** Problem **
Please transcribe, word for word, only the lines from the one containing "6230 Gross Dr — Photo 5" through the last line of the records below, both included, and leave out every picture.

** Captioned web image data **
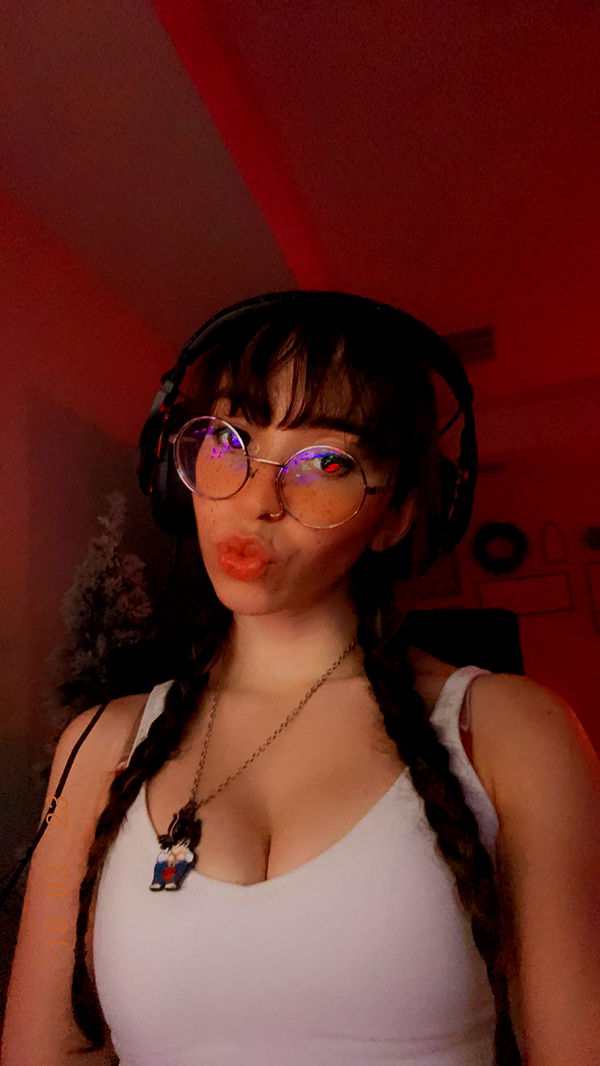 xcatlyn image ~ Altpins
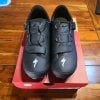 Specialized Recon 2.0 black 42 EU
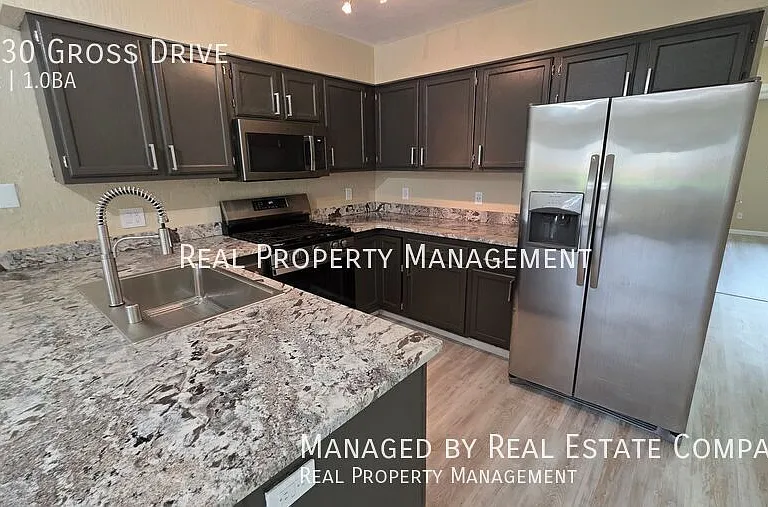 6230 Gross Dr — Photo 5
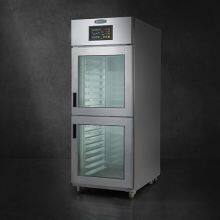 HBDC Refrigerated Proofer thumbnail-1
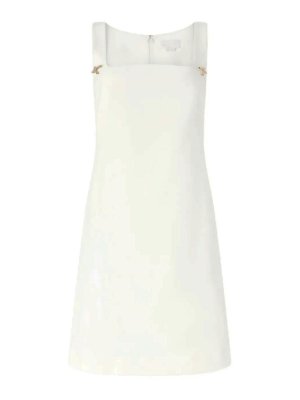 GENNY: abiti corti - Vestito corto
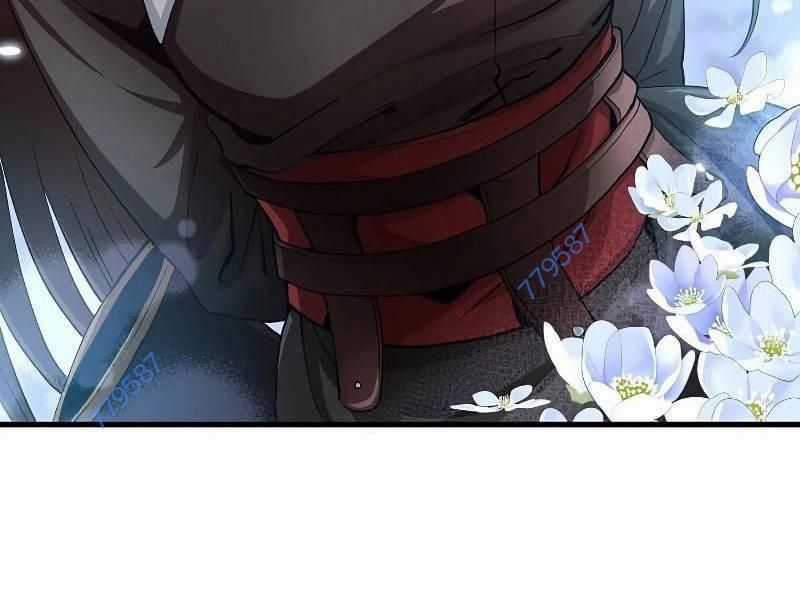 Bác Sĩ Trùng Sinh Về Murim Chapter 148 trang 188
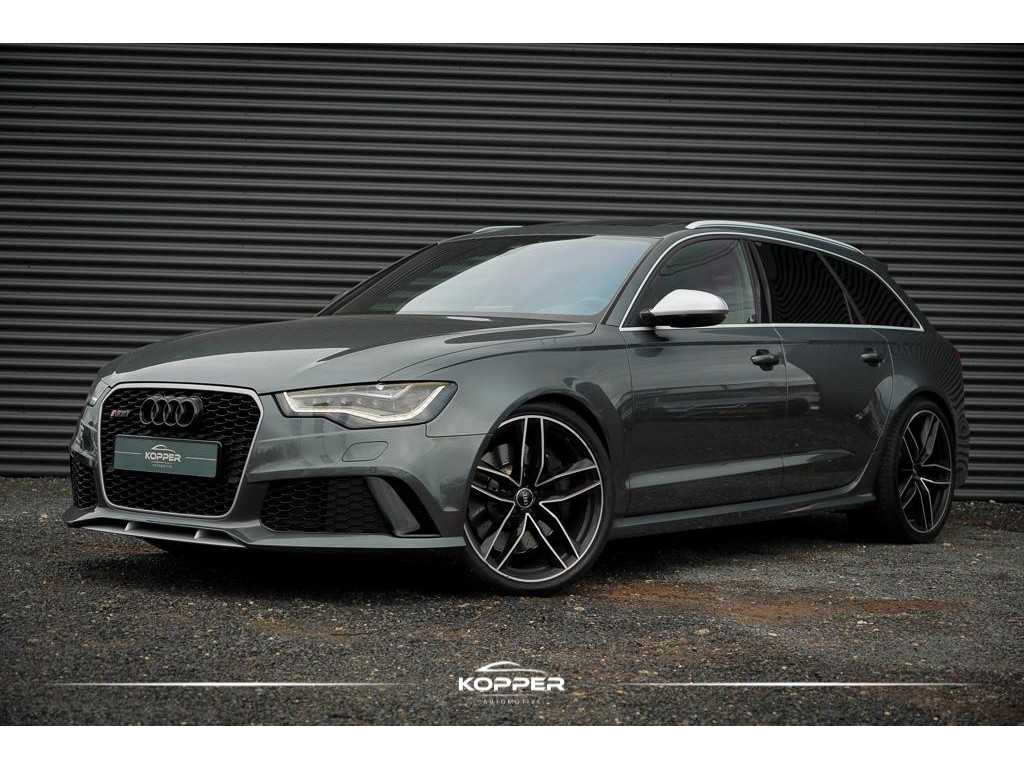 49246965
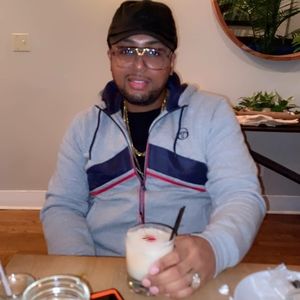 Meet your Posher, Angel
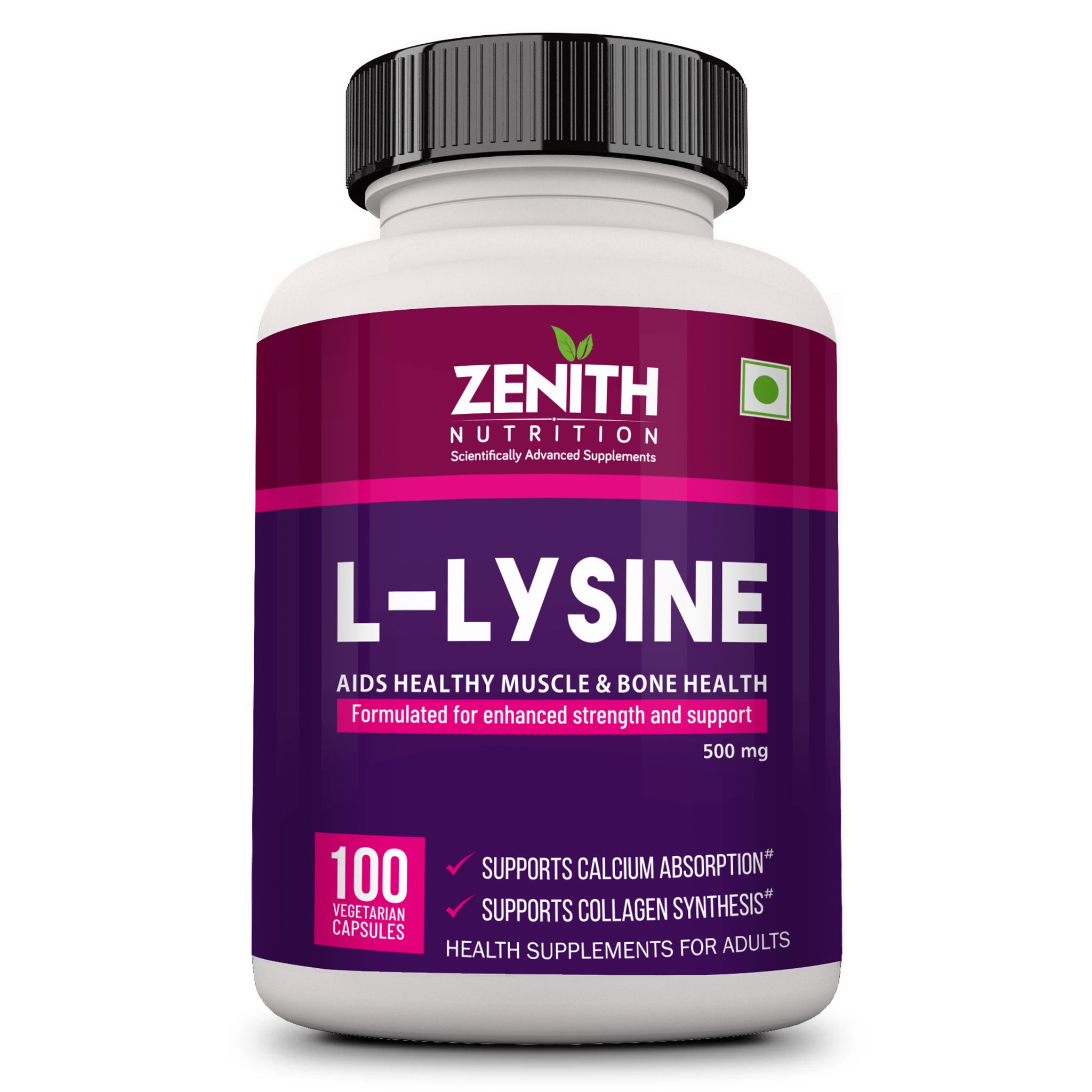 swanson l carnitine review l carnitine swanson L-Carnitine Liquid 3000mg – Axis Labs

** Exercise result **
 6230 Gross Dr — Photo 5
 HBDC Refrigerated Proofer thumbnail-1
 GENNY: abiti corti - Vestito corto
 Bác Sĩ Trùng Sinh Về Murim Chapter 148 trang 188
 49246965
 Meet your Posher, Angel
 swanson l carnitine review l carnitine swanson L-Carnitine Liquid 3000mg – Axis Labs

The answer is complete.